Je suis retournée au Mont des Cats, cette fois pas en courant mais à vélo.

Et depuis son sommet, j’ai quasiment vu ma maison – et celle de mes parents, encore plus proche du fleuron que la mienne.

De quel fleuron je veux parler ? Zoomons un peu. Vous voyez ?

Zoomons encore un peu. Ce n’est pas un petit tas, notre 11/19 : on le voit à 39 km à vol d’oiseau. Je lui ai crié, J’arrive et j’ai même ajouté un point d’exclamation.

Il me reste trois jours pour faire une dernière fois le tour de mes coins préférés, entre le Mont Noir et Bailleul (qui me fait signe au revoir, ci-dessous). Enfin, une dernière fois… Je reviendrai, c’est sûr.
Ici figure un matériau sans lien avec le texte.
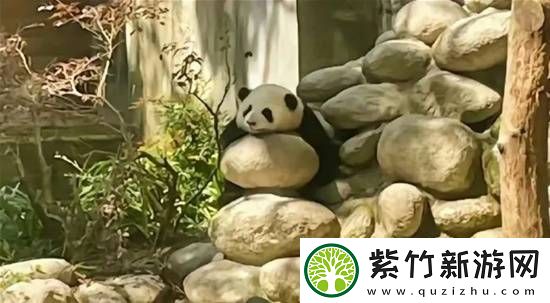 现在成年人被打屁股比小孩子多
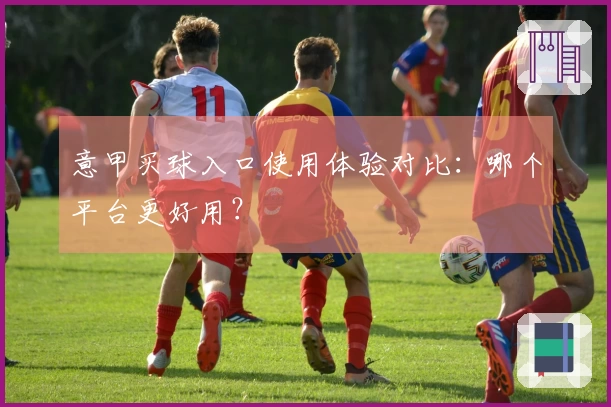 意甲买球入口使用体验对比：哪个平台更好用？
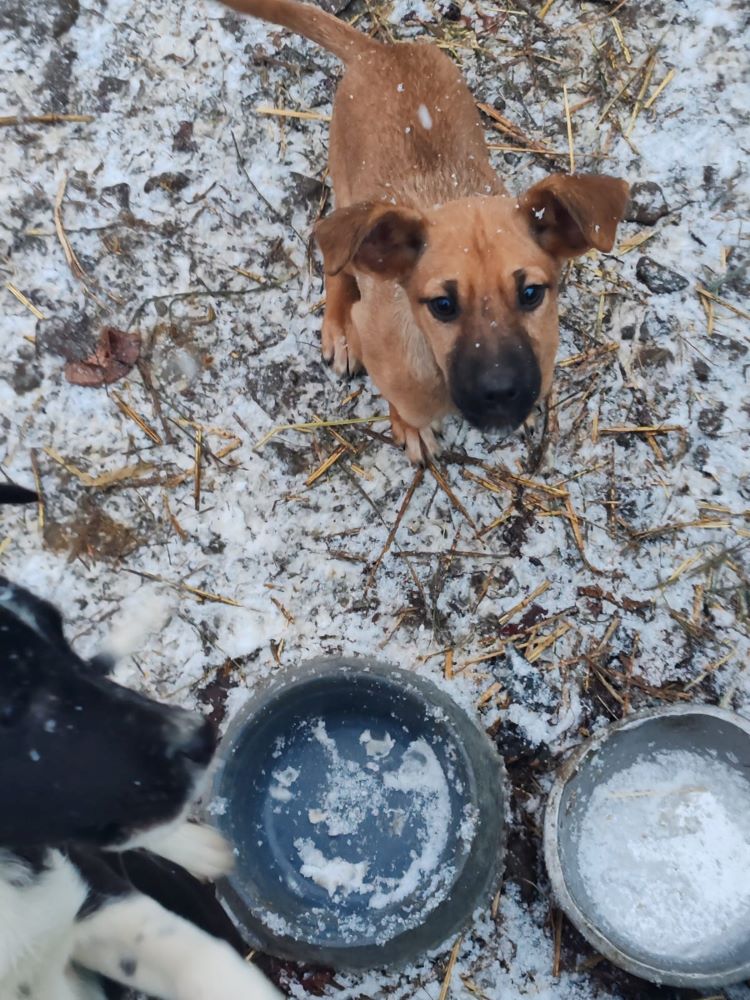 NOUKY (ex DAPHNÉE) - Chiot femelle croisée de taille moyenne à l'âge adulte - Née environ en Octobre 2023 - Refuge de Monica - Adoptée par Gwennaelle en Belgique.  42331312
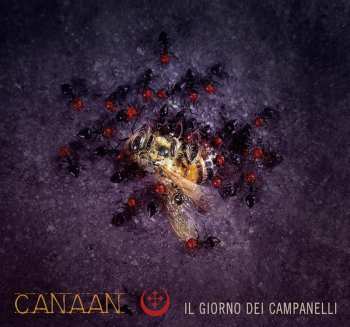 Canaan: Il Giorno Dei Campanelli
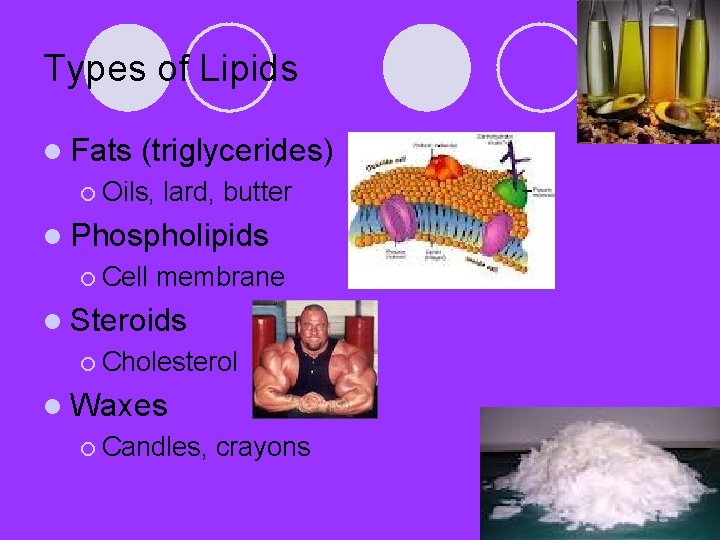 Types of Lipids l Fats (triglycerides) ¡ Oils, lard, butter l Phospholipids ¡ Cell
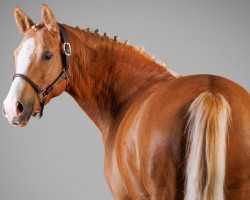 dressage horse Hilda de Luxe (German Riding Pony, 2018, from Herzkönig NRW)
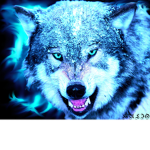 XxWolfgangXxx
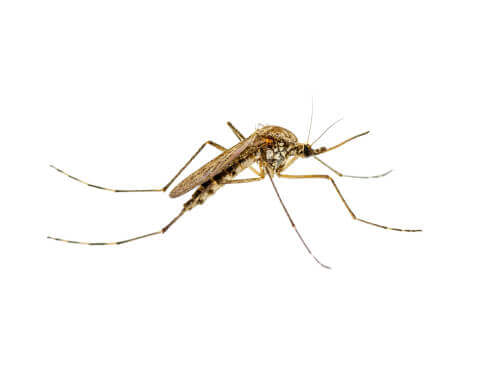 Les moustiques et la leishmaniose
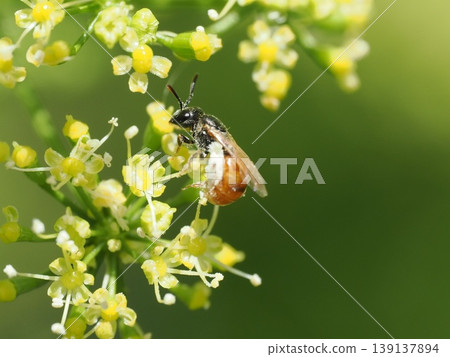 一隻腹部呈現橘色的小蜜蜂飛到了歐芹花上。 139137894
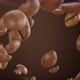 Coffee Beans Falling - VideoHive Item for Sale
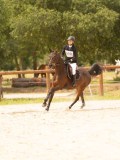 DSC04219 DSC04219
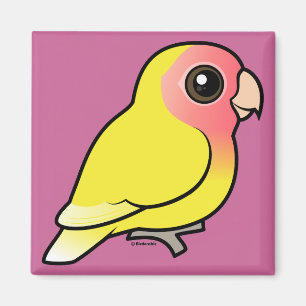 Imán Lutino Peach-face Lovebird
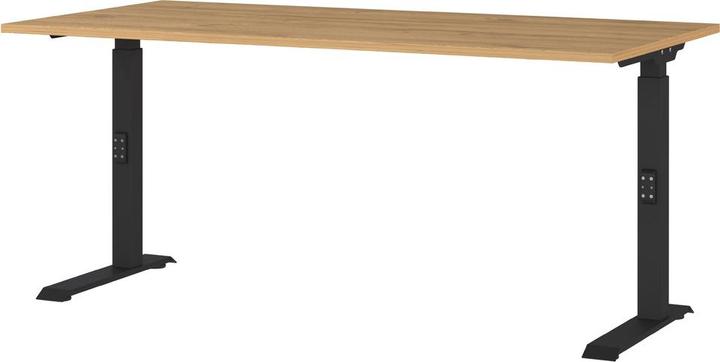 Chêne de Grandson nb.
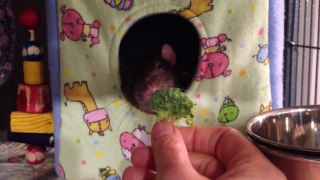 Le rat qui n'aime pas les brocolis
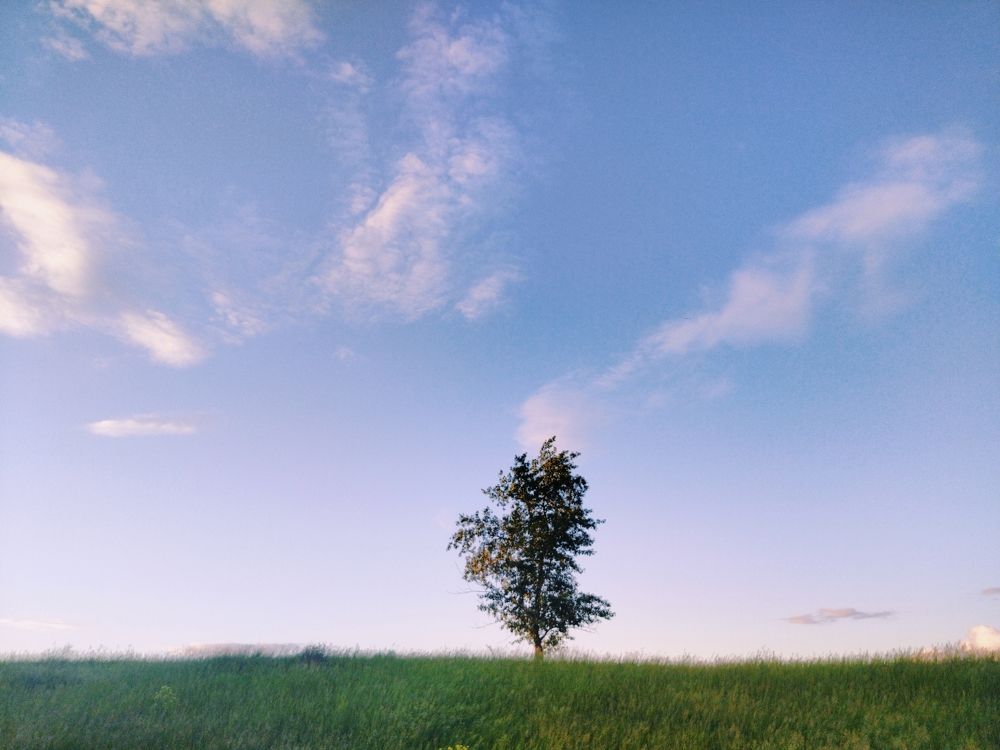 Photograph by Юлия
Aujourd’hui, je suis même allée dans la campagne belge au risque des chasseurs et des chiens très gros.

Le Mont Noir est une vraie ville frontière, une ville de western, avec ses saloons alignés sur une crête et, de part et d’autre, en aval, la campagne à perte de vue. Si on va derrière Edisac, on voit ceci

et si on descend derrière les arbres,

en un instant on est sur un petit chemin boueux bordé d’arbres sublimes

qui sinue entre les champs et les pâtures.

Et pour arrondir ce billet à un nombre premier d’images, voici un arbre électrique d’Heuvelland, très flou parce que je l’ai pris en photo avec mon téléphone pourri sous le crachin du matin.